More
    Ana SayfaRÖPORTAJBaşarılı Oyuncu Selena Demirli İle Kendi Hayatı Ve Kariyeri İle İlgili Keyifli Bir...

    Başarılı Oyuncu Selena Demirli İle Kendi Hayatı Ve Kariyeri İle İlgili Keyifli Bir Sohbete davetlisiniz

    Uzun süre merak ettiğiniz bir tiyatro oyununa gidiyorsunuz ve orada oyunculuğu ile dikkatinizi çekiyor. Kimden mi bahsediyorum? “Yeni Tiyatro Dergisi Uluslararası Emek ve Başarı Ödülleri – Yılın Umut Veren Kadın Oyuncusu” ödülünü alan başarılı Oyuncu Selena Demirli’den. Son dönemin geleceği parlak oyuncularından biri kendisi. Kendisiyle barışık, mutlu ve keyifli bir kişiliğe sahip. Başarılı oyuncu Selena Demirli ile kendi hayatı ve kariyeri ile ilgili keyifli bir sohbete davetlisiniz. Hazırsanız başlıyoruz.

    Sanatsal Faaliyetler Takipçilerine Kısaca Kendinizden Bahseder Misiniz ? Sanat Hayatınız Nasıl Başladı ?


    “Tabii ki. Ben Selena Demirli. 14 Ekim 1998 İzmir doğumluyum. Bu röportajı doğum günümde yapıyor olmak da çok anlamlı bir hediye oldu benim için. Sizlere çok teşekkür ederim. Ben öğretmen bir annenin çocuğuyum, annem edebiyat öğretmeni. Beni bebeklik dönemlerimden beri çok iyi gözlemleyen, çok iyi tanıyan, çocuk ruhu ve psikolojisi hakkında bilgi ve birikime sahip bir annem var. Çocukken hep yalnız kalabilmeyi kollar ve yalnız kalabildiğim her an müzik eşliğinde çeşitli olay ve karakterler yaratır, kurgular ve onları canlandırırdım.

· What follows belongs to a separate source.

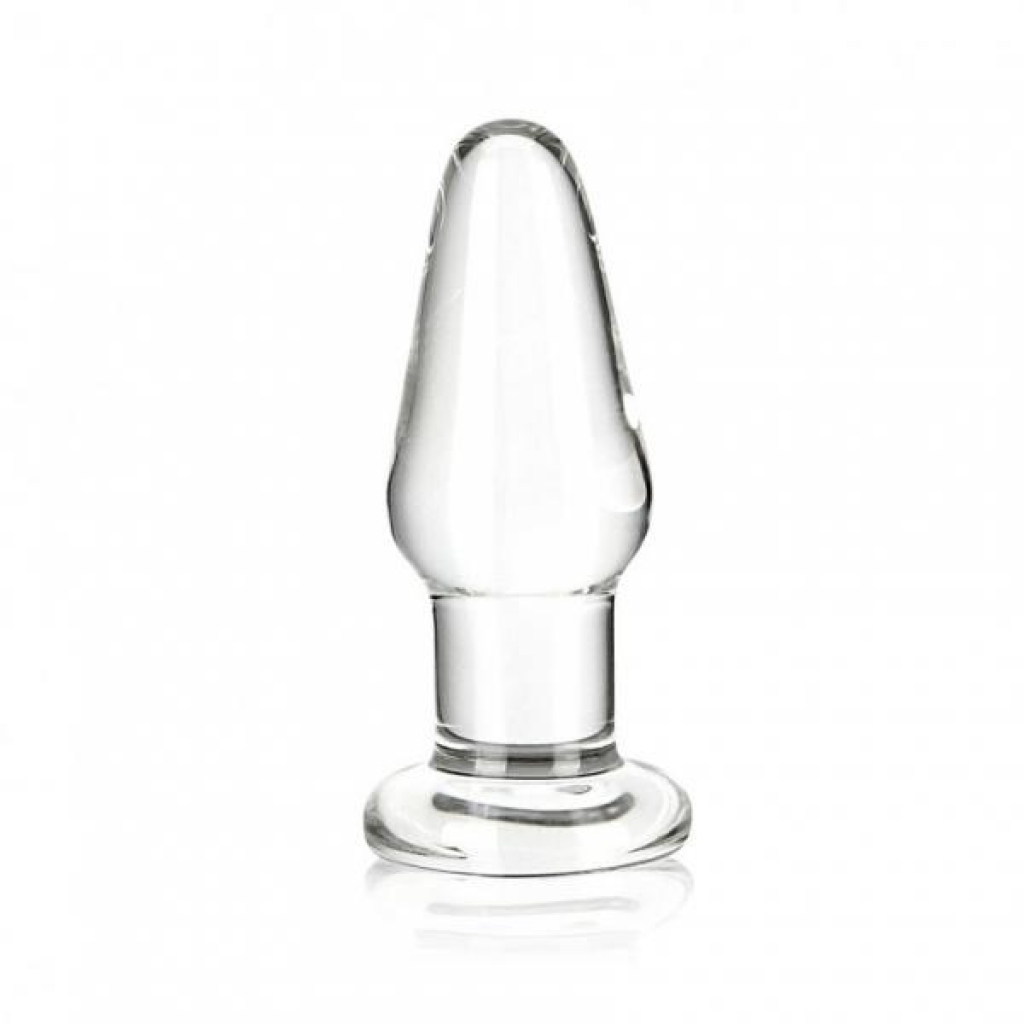 Glas Glass Butt Plug - Clear 3.5 Inches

Yazlığımızda çevremdeki tüm çocukları bir araya getirir onlarla gruplar halinde komşularımıza oyunlar canlandırmak üzere gösteriler hazırlardım. Annemin anlattığına göre henüz 3-4 yaşlarımda iken annem ile oynamak istediğim tek oyun, ‘taklit’oyunu imiş. Annemden sürekli çevresinde gördüğü herhangi bir eşya olmamı söylemesini istermişim. Bu sebeple annem ve babamın beni ilgi ve becerilerime uygun bir okula, Türk Alman Kültür Eğitim Vakfı’na kayıt ettirmeleriyle yolculuğum başladı. Küçük yaşlarda yaratıcı drama eğitimleri aldım, ardından TAKEV’de 10 sene boyunca Türk ve Dünya Tiyatrosu metinleri ile ilgili çalışmaların içinde bulunarak büyüdüm. Öğretmenlerim sayesınde hep sahnede olma fırsatı buldum. Özellikle Dünya klasiklerini sahneye taşırdık. Tutkumdan ve aşkımdan bir an bile tereddütüm olmadı; 18 yaşıma geldiğimde ait olduğum yerin, tiyatronun kalbinin attığı yere , İstanbul’a geldim. İstanbul Üniversitesi’nde Türk Dili ve Edebiyatı okurken okul bünyesinde iki sene sahne aldım. Ardından İBB Şehir Tiyatrosu Darülbedayi Atölyesi’nde 2 buçuk sene teorik ve pratik üstüne eğitimler aldıktan sonra Bahçeşehir Üniversitesi Konservatuvarı İleri Oyunculuk Bölümü’ne dahil oldum ve yolculuğum bugüne geldi. Şu an içinde bulunduğum oyunlar devam ederken Heiner Müller’in son dönem oyunlarına dair yüksek lisans tezi yazmaktayım”.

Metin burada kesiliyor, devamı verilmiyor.